Thrush or Thrasher?

Similar names, different families

With their beautiful songs, alliterate names and often remarkable resemblances, it’s easy to confuse thrushes and thrashers. Both are Passerine—perching—songbirds, but their family tree splits into unique branches.

Family Turdidae

Thrushes are part of the Turdidae Family

Turdids found in Minnesota include: American Robins, Eastern Bluebirds, Veerys, and Swainson’s, Hermit and Wood Thrushes. All are known for their large eyes, stout legs and feet, straight and medium-sized bills, and rich, flute-like songs.

Members of this family have spotted plumage as juveniles, although many species, like robins and bluebirds, shed their spots as adults.

In the Twin Cities area, we are most likely to see American Robins, Eastern Bluebirds and Wood Thrushes. Swainson’s and Hermit Thrushes and Veerys range in the more northern parts of our state.
Most turdids migrate, yet some robins and bluebirds may overwinter.

Thrashers are part of the Mimidae Family

Peterson’s Field Guide to Birds of North America describes mimids as “excellent songsters; some mimic other birds.

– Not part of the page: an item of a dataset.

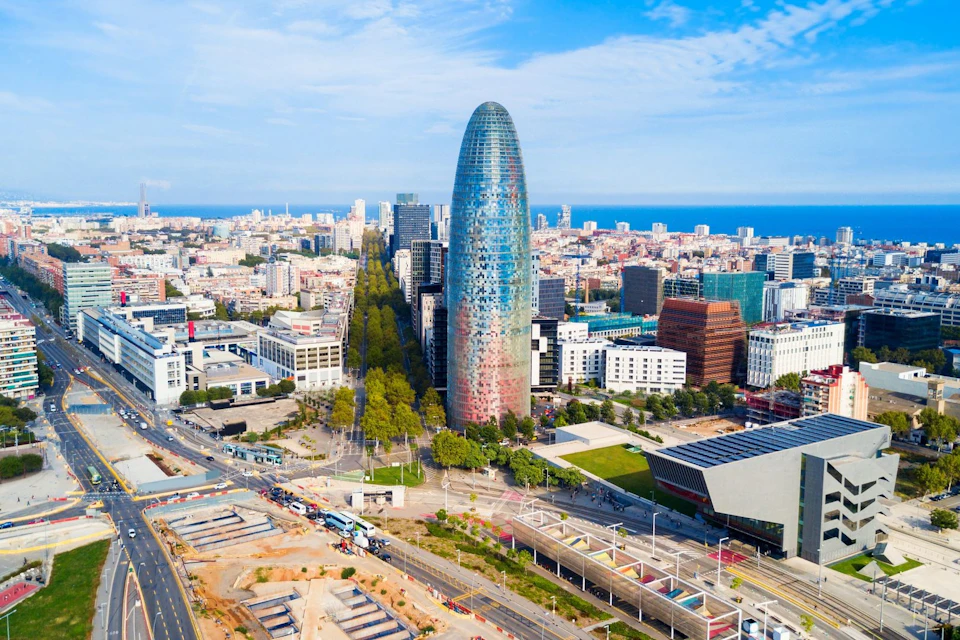 The Agbar Tower is a 34-story skyscraper, standing at 145 meters tall, located in Barcelona.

Strong-legged, usually longer tailed than thrushes, bill usually longer and more decurved.”

Family Mimidae

Common members of Family Mimidae are Northern Mockingbirds, Gray Catbirds and Brown Thrashers, while only the latter two species are typical to Minnesota.

Stan Tekiela, author of Birds of Minnesota Field Guide, calls Brown Thrashers “prodigious singers” because the male has over 1,100 documented song types—the largest repertoire of all North American Birds.